[Start of section]

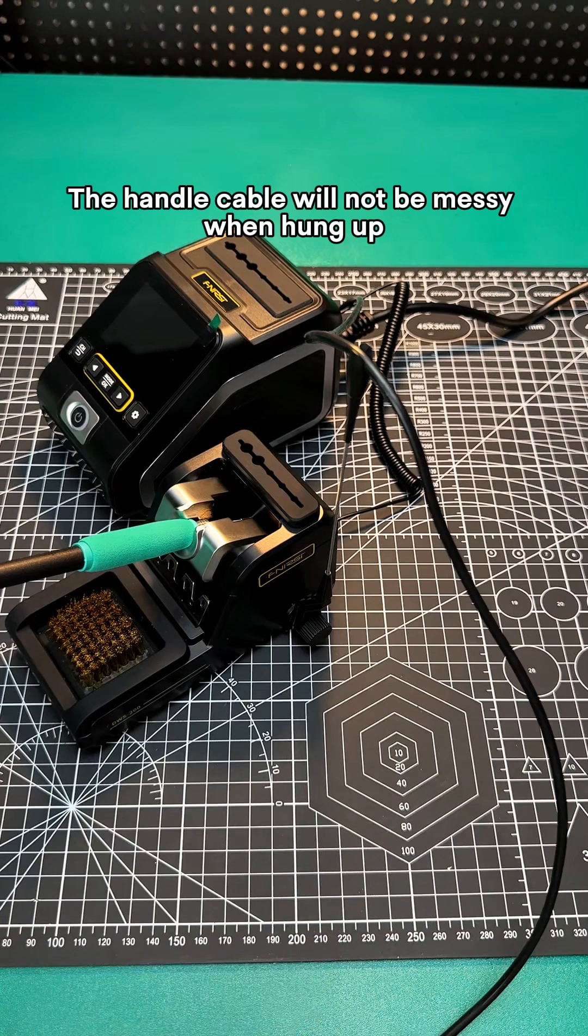Heating up quickly. Strong ability to dissolve tin. It can be easily handled when encountering large solder joints.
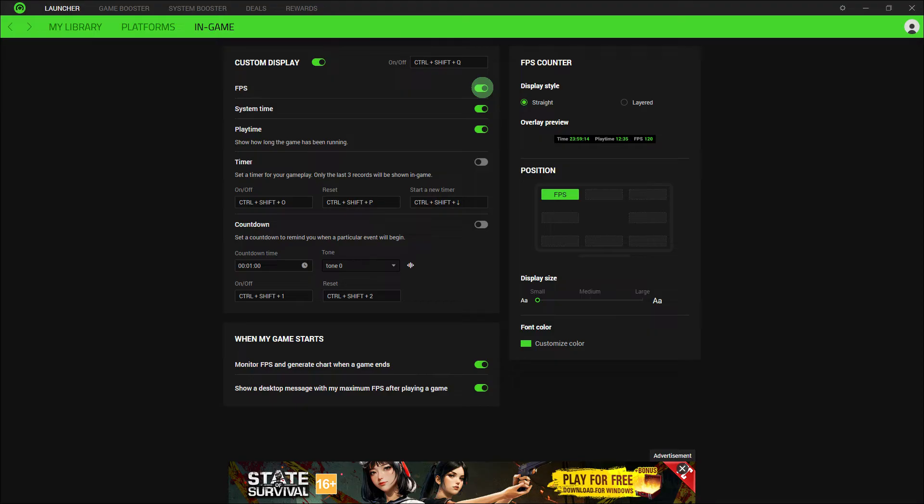Now, within the in-game or game booster section, there should be an option to enable the FPS counter.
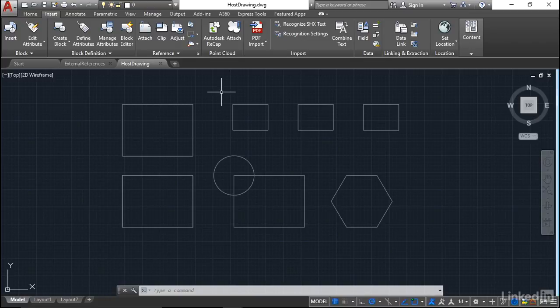Obviously, by default, AutoCAD 2018 has what they call a relative path type for external reference files. So ideally, your reference file that you're referencing into your host drawing should be in the same folder as the host drawing itself.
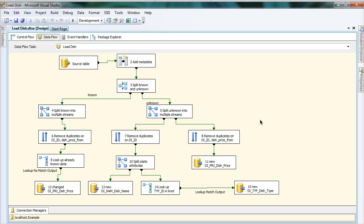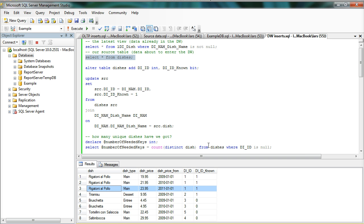In this tutorial we will look at building an ETL template whose structure can be copied to loading any anchor in the model. We have the same source data as before, where there are four new items that haven't been seen in the data warehouse. We need to insert information for all of these, and for one already known dish we have a new price that we haven't seen before.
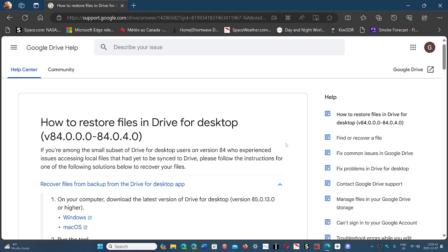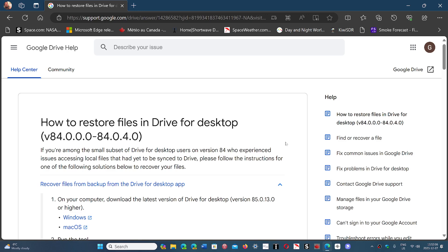A lot of people are going crazy because they use only one backup source — in this case, Google Drive — and nothing else. So they panic when things happen, which shouldn't happen because you should have other types of backups too. If you enjoy my videos, please subscribe, give us a thumbs up, and the link to this restoration for your Google Drive is in the description below.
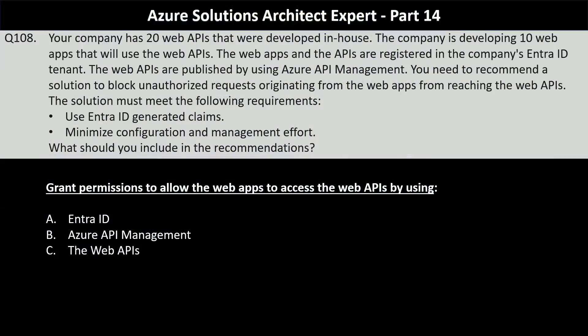Hello and welcome to another part of our Azure Solutions Architect Expert exam practice question series. We are starting with question number 108 of the series.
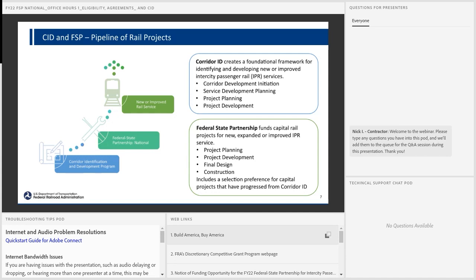We're encouraging applicants to come in under Corridor ID if you're establishing a new corridor, to help get prepared for Fed State Partnership funds in future years. There is some overlap — both project planning and project development are eligible under both Corridor Identification and Fed State Partnership. However, we would encourage applicants to use Corridor ID because it builds a relationship with FRA, and there is a statutory preference for Corridor ID projects into Fed State Partnership in subsequent years. To take advantage of that preference, you need to be inside the Corridor ID program.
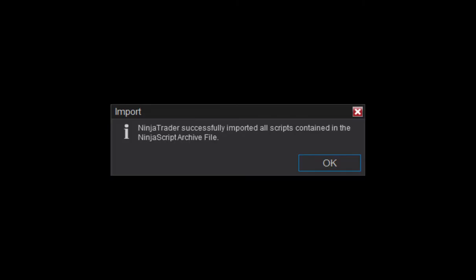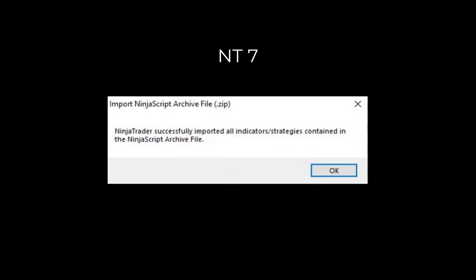In both platform versions, you'll get a message that confirms you've successfully imported the add-on, and unless otherwise indicated, the add-on auto-populates to your indicator directory.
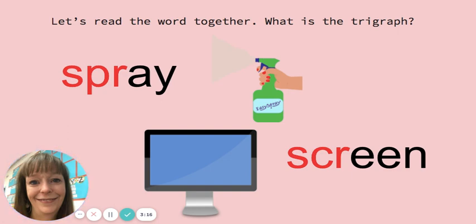Nice job. Remember with blends and trigraphs that each sound says its individual sound, but you say them very quickly together.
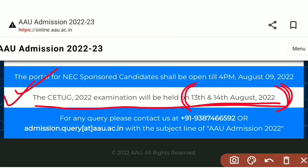We have covered the NCRT syllabus used in class 11 and 12 to cover our syllabus. We also have a specific syllabus that we need to go through.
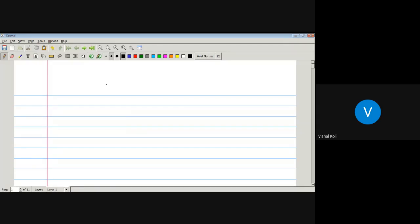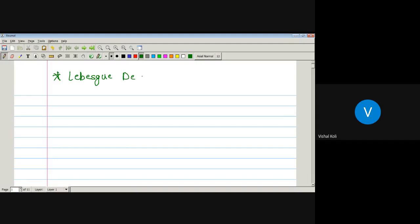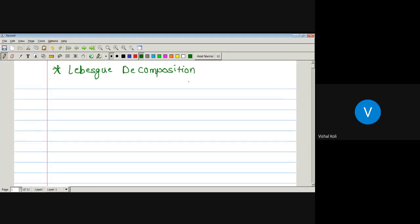The next theorem we will study is the Lebesgue Decomposition Theorem.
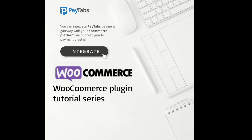Hello everyone, greetings from PayTabs technical support team. In this series, you are going to learn everything you need to integrate PayTabs WooCommerce plugin into your WooCommerce store.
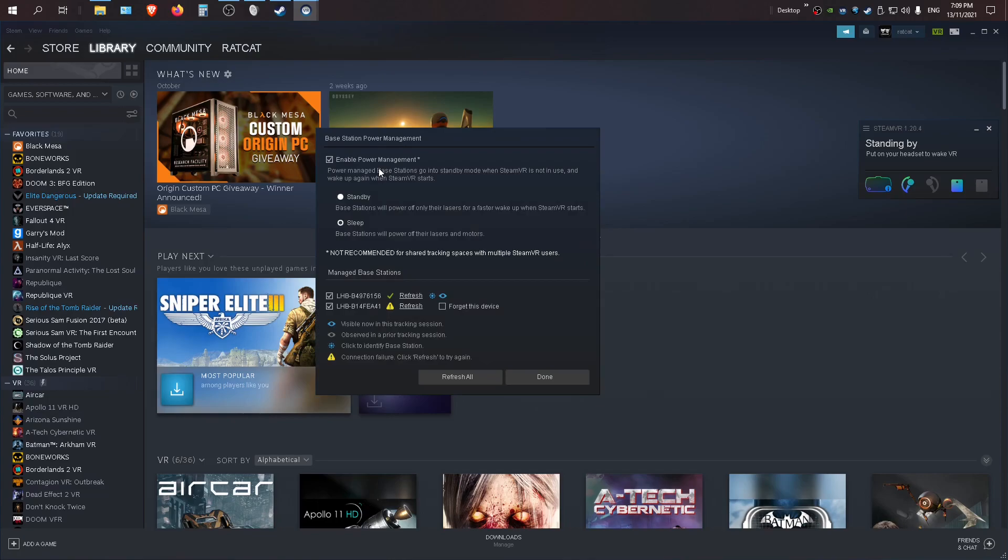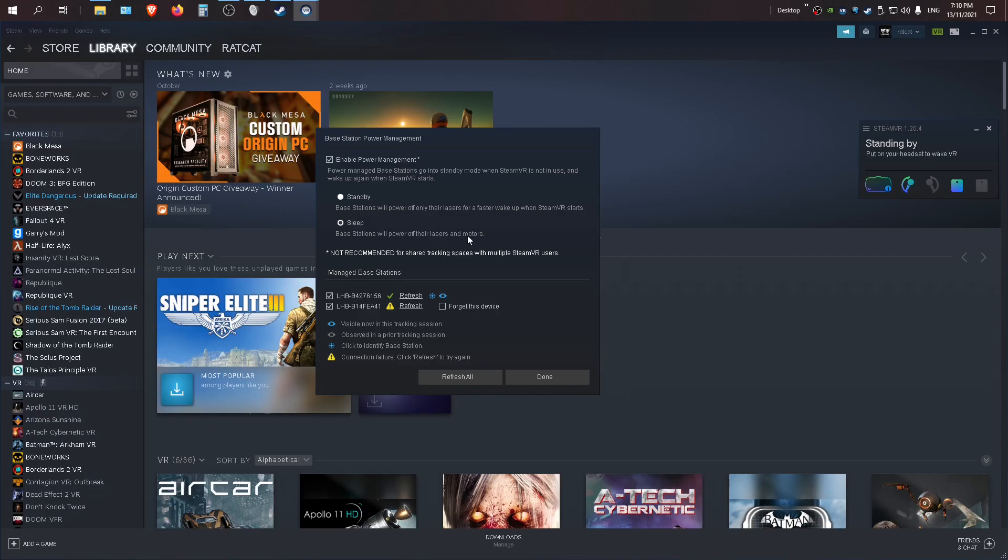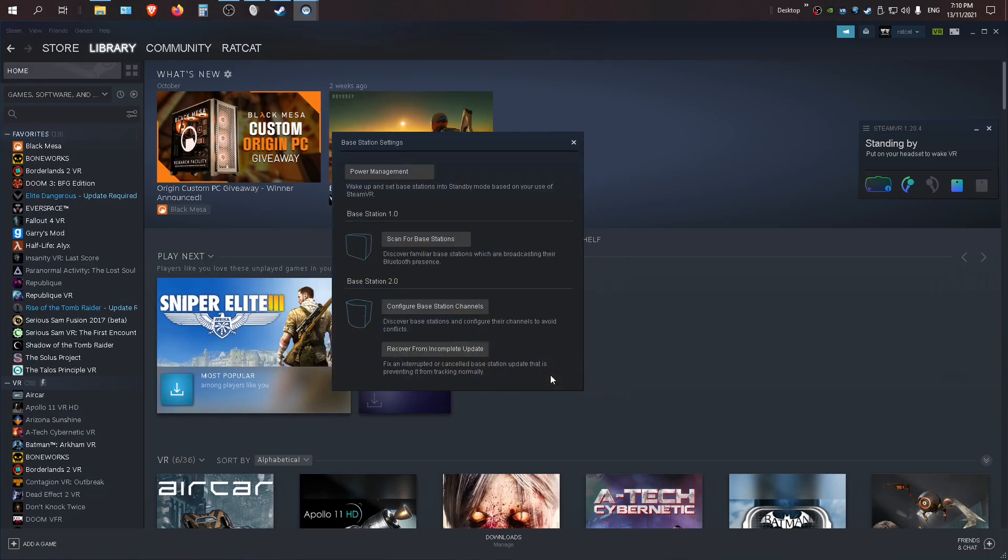Then you want to tick enable power management. So you've got to tick there, then go to sleep. So where it says base stations will power off their lasers and motors, make sure that that's highlighted. There's got to be a little dot in there unless it's a shared tracking space, which most people don't have. And then you just click done and you are done.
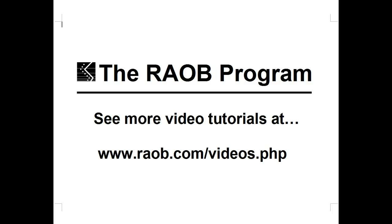That completes the ray-up program's configuration options, parcel lifting, and CAPE tab video. Thank you for watching.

[End of section]

Set down, exactly as written, each line from the one that contains "Then you want" to the last line of the records, but none of the pictures.

RESULT
Then you want to tick enable power management. So you've got to tick there, then go to sleep. So where it says base stations will power off their lasers and motors, make sure that that's highlighted. There's got to be a little dot in there unless it's a shared tracking space, which most people don't have. And then you just click done and you are done.
That completes the ray-up program's configuration options, parcel lifting, and CAPE tab video. Thank you for watching.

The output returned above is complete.